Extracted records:
__________
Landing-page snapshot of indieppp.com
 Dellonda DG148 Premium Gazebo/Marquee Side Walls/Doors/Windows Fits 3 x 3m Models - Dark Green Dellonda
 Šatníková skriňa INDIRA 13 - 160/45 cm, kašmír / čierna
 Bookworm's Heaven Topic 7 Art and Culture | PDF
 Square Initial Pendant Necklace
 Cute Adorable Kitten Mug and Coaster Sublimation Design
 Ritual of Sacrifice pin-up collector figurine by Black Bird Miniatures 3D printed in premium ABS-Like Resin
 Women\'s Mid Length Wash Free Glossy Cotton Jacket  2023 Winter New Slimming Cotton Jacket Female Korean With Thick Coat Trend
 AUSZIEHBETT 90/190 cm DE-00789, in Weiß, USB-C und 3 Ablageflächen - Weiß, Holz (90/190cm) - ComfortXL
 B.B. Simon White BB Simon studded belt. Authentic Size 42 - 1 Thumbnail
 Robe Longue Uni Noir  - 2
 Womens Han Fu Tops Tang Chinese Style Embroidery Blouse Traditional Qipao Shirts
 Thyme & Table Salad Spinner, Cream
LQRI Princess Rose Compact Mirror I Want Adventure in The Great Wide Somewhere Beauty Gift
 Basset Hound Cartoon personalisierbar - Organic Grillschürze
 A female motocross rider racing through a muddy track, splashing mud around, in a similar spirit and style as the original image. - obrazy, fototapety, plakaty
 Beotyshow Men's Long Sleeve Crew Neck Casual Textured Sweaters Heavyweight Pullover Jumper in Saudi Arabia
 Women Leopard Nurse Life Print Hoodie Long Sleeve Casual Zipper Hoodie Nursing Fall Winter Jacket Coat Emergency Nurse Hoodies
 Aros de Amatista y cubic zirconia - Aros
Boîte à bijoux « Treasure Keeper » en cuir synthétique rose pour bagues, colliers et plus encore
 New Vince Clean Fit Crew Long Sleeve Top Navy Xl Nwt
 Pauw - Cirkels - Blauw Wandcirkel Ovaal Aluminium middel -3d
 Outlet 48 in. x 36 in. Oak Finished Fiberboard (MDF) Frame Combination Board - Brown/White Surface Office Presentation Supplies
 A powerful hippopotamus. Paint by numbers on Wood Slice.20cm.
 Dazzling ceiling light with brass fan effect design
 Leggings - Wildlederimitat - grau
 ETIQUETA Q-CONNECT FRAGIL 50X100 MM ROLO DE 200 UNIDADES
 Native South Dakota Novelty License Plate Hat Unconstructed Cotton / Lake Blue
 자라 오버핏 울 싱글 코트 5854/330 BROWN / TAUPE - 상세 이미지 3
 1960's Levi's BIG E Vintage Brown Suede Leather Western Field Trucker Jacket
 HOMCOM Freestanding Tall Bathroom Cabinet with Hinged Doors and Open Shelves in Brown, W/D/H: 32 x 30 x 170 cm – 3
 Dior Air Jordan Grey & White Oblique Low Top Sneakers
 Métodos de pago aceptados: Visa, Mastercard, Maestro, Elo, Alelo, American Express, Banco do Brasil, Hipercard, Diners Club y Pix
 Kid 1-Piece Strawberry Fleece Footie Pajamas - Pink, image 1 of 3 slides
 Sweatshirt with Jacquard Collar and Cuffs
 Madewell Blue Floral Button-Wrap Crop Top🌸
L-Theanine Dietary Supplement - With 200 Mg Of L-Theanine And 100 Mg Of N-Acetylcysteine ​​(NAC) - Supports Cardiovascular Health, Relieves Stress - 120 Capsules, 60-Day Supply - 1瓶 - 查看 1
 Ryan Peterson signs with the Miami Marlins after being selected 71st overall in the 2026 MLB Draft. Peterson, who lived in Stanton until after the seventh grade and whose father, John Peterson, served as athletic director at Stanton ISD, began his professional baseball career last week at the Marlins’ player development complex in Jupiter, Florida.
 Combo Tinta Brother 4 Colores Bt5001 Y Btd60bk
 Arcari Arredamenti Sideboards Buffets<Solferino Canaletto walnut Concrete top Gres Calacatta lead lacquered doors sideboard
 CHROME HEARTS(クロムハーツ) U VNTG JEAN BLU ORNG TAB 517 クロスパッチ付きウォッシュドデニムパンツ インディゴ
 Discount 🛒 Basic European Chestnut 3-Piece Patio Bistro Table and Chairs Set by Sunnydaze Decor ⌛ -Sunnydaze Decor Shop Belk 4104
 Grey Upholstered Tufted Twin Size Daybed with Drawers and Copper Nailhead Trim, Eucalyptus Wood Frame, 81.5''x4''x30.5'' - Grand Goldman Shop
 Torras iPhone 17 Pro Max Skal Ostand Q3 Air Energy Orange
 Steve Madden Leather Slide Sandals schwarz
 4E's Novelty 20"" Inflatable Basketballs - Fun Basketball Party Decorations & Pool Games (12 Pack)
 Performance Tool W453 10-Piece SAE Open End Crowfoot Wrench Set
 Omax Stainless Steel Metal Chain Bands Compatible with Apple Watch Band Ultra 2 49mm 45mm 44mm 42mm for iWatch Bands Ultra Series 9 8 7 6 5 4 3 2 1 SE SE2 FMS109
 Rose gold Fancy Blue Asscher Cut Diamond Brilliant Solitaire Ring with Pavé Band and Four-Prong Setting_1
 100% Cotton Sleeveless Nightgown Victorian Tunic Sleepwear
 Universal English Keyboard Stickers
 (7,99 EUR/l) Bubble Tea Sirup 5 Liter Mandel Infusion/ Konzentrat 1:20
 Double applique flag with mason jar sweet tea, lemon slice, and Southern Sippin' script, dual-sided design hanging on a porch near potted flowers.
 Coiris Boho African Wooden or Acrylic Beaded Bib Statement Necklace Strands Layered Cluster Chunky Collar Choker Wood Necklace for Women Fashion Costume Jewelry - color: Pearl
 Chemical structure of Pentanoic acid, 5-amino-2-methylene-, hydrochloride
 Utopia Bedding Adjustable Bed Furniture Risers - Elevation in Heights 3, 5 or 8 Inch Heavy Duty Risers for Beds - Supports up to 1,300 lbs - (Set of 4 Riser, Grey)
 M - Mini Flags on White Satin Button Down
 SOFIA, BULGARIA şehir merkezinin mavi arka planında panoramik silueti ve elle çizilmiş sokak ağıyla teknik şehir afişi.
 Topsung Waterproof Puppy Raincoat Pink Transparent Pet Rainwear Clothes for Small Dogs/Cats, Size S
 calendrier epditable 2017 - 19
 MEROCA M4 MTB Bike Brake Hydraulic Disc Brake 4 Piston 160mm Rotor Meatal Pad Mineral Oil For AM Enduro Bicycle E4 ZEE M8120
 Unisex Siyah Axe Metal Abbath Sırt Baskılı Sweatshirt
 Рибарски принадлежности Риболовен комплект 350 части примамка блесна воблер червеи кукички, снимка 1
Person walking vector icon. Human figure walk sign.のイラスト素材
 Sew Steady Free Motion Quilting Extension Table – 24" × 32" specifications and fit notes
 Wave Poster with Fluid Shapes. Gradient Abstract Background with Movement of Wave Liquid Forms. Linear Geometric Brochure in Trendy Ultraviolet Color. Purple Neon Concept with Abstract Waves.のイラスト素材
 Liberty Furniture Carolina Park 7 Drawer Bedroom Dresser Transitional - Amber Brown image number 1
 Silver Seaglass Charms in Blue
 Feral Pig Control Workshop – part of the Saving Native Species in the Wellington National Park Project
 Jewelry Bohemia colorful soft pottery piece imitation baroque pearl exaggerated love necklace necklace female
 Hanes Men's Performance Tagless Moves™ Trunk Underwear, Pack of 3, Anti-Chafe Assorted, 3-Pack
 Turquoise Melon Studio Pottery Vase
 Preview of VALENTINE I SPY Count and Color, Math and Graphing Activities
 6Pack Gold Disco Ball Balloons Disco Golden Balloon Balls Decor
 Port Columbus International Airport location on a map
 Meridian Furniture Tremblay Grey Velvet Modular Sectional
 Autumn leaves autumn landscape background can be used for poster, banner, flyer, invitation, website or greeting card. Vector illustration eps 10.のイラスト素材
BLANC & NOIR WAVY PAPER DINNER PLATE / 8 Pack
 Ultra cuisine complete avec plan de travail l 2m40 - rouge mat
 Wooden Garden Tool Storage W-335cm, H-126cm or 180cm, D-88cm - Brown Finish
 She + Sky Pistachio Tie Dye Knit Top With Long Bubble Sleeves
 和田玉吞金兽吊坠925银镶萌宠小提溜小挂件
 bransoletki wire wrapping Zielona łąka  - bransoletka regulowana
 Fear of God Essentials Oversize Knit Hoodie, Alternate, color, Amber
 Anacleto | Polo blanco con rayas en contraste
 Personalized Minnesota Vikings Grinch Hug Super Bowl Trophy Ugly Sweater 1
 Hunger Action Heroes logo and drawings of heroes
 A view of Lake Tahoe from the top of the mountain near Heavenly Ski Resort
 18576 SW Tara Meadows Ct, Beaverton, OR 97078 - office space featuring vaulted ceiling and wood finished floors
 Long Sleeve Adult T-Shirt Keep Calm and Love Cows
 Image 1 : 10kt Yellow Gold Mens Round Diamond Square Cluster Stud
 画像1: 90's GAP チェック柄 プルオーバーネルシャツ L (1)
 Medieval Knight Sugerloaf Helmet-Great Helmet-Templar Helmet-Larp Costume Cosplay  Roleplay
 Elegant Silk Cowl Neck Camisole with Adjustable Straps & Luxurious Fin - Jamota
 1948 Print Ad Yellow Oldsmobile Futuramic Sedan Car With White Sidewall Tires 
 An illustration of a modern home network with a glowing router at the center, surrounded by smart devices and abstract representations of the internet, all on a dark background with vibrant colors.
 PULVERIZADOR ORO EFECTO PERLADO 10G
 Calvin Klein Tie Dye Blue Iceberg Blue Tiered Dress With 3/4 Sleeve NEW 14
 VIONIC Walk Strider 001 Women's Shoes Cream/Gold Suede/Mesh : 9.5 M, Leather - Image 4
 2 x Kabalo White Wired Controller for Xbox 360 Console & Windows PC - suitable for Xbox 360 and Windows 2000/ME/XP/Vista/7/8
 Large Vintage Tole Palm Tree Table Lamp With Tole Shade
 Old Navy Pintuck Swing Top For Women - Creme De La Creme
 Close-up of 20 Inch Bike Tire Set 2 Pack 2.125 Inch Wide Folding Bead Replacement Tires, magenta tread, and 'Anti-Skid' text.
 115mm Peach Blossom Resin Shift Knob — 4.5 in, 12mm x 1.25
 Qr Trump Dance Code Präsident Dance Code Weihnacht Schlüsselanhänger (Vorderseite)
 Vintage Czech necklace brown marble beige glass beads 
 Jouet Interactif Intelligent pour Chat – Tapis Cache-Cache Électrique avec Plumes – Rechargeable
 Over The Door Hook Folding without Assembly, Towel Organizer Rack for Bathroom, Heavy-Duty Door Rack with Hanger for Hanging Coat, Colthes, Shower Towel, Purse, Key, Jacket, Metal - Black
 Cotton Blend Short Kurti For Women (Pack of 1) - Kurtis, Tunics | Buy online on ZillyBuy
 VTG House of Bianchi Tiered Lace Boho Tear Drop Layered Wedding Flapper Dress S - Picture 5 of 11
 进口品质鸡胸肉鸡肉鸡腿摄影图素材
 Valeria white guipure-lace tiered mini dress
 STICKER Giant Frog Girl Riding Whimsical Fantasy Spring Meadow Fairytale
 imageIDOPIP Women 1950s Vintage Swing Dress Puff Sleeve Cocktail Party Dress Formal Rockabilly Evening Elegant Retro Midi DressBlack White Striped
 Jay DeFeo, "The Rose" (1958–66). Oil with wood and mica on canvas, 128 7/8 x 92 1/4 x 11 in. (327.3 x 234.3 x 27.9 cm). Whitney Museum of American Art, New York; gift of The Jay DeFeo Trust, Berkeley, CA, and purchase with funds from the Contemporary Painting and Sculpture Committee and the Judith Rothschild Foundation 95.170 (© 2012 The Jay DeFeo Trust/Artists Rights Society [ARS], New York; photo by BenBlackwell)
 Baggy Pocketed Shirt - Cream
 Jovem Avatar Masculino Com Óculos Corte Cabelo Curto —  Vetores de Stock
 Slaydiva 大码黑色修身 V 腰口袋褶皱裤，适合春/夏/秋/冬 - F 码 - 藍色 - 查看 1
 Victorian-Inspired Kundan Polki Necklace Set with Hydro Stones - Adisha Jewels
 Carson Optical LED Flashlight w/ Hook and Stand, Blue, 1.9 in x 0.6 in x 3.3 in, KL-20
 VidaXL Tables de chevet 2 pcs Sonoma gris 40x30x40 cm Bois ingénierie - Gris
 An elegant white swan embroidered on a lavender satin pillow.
__________
Problem
All lines in the data that contain the word "Button" should be copied.

Task output
 Madewell Blue Floral Button-Wrap Crop Top🌸
 M - Mini Flags on White Satin Button Down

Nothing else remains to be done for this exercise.